Art Naturally Posted on January 5, 2008 by Mary AhernApril 1, 2009  

I was featured in a Newsday Business section article written by Arlene Gross. The excerpt focusing on my background and my life choices is copied below. If you’d like to see the article in it’s entirety you can see it on my website in the Press section.

Dream chasers

At midlife, taking lower pay to begin more satisfying careers

By Arlene Gross

Special to Newsday
11:07 AM EST, January 4, 2008

Newsday photo of Mary Ahern at ComputerMary Ahern had (experimented) in art for many years, but had never been able to actually make a career of it. Until four years ago, that is, when she made the switch to full-time artist.

“I had always been a creative artist,” the Northport resident, explained. “Life, however, intervened, and as a single parent, I was never able to create my art on a full-time basis.”

Changing careers at midlife is no small feat, and switching to one with substantially less earning potential is more difficult still. According to Randy Miller, founder and president of ReadyMinds, an online career counseling service, downsizing a career can be a source of great anxiety.

Newsday photo of Mary Ahern painting in studioYet for some people, any fear or hesitation is mitigated by the yearning to follow a dream. Seeking more spiritually uplifting endeavors can be the ultimate challenge, and Miller said any attendant loss of income is often compensated with a renewed sense of purpose and newfound happiness.

“There are a lot of people who go through life and think, ‘What if?'” Miller said. “With a strategic plan, coupled with the new passion and ultimate objective of doing something different, one can more easily achieve their ultimate goals.”

For Ahern, a new husband provided the impetus and financial support to move forward. Income, the couple concluded, was less relevant to the quality of their lives than the legacy they wish to leave behind.
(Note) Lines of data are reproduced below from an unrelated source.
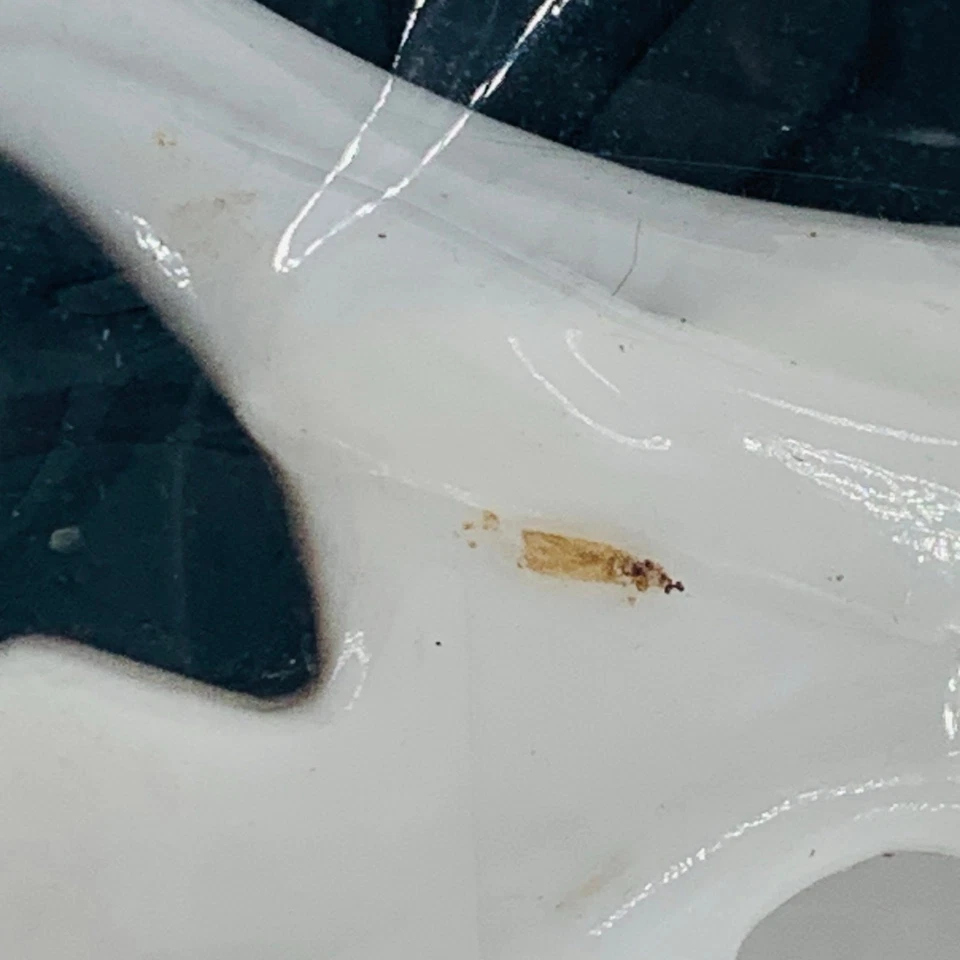 Máscara facial iluminada para niños Halloween blanca negra calavera batería frontal Foto 3 de 4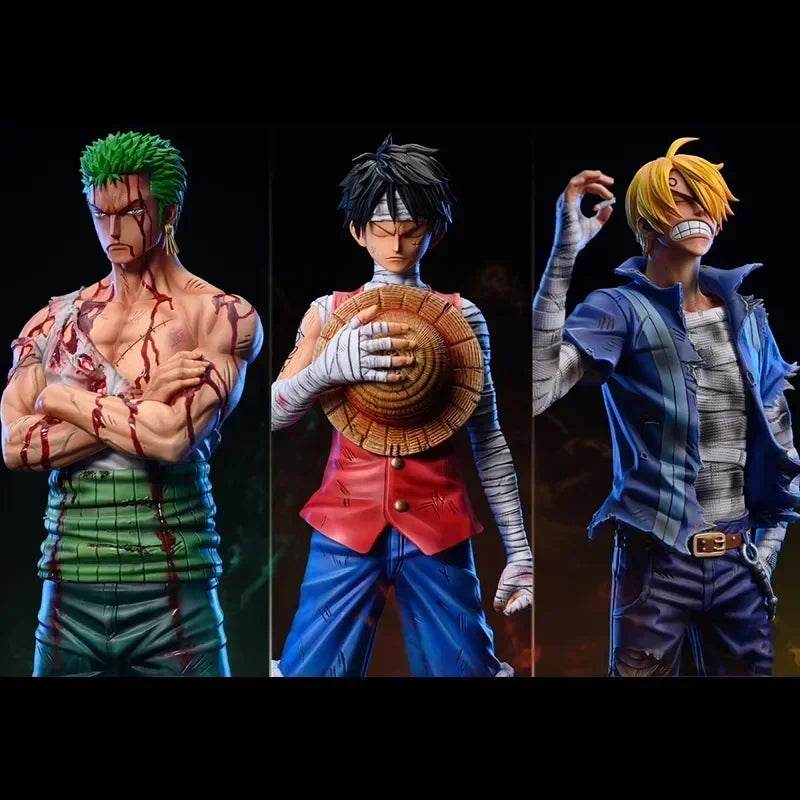 Figura de Acción PVC 30cm - Roronoa Zoro y Vinsmoke Sanji One Piece - GambareG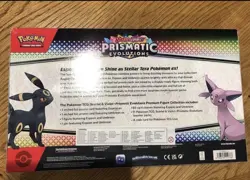 Pokemon TCG Prismatic Evolutions Premium Figure Collection - Sealed - Image 2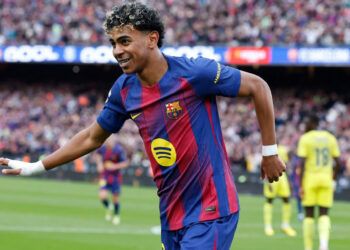 Lamine Yamal logra hat-trick y supera record de Messi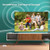 Hisense 43-Inch Class A4 Series FHD 1080p Google Smart TV (43A4K) - DTS Virtual: X, Game & Sports Modes, Chromecast Built-in, Alexa Compatibility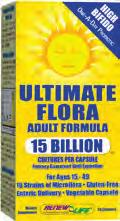 99 30 % off ALL PRODUCTS FROM Also on sale, 30 Billion Ultimate Flora Senior, 30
“When we married, Dave urged me to follow my dream,” she recalled. “The hard part at first was trying to find inside myself what that dream actually was. You spend so much time marching forward and doing what you do, you lose the essence of yourself.”

Once their five children — all from previous marriages — were finished with college, Ahern felt it was OK to follow her calling.

“My income from my art doesn’t yet come close to the money I’m used to making in either my career in computer graphics equipment sales or my own graphics design firm,” she said.

One of her greatest sacrifices was a big dip in retirement savings, which now come exclusively from her husband’s salary.

“We have a comfortable nest egg,” she said, “but by coming out of a conventional career, I no longer have the extra cushion to add to my existing portfolio of tax-advantaged savings vehicles.”

Despite her diminished earnings, Ahern says she is happier. “I am living the life I am meant to live,” she said.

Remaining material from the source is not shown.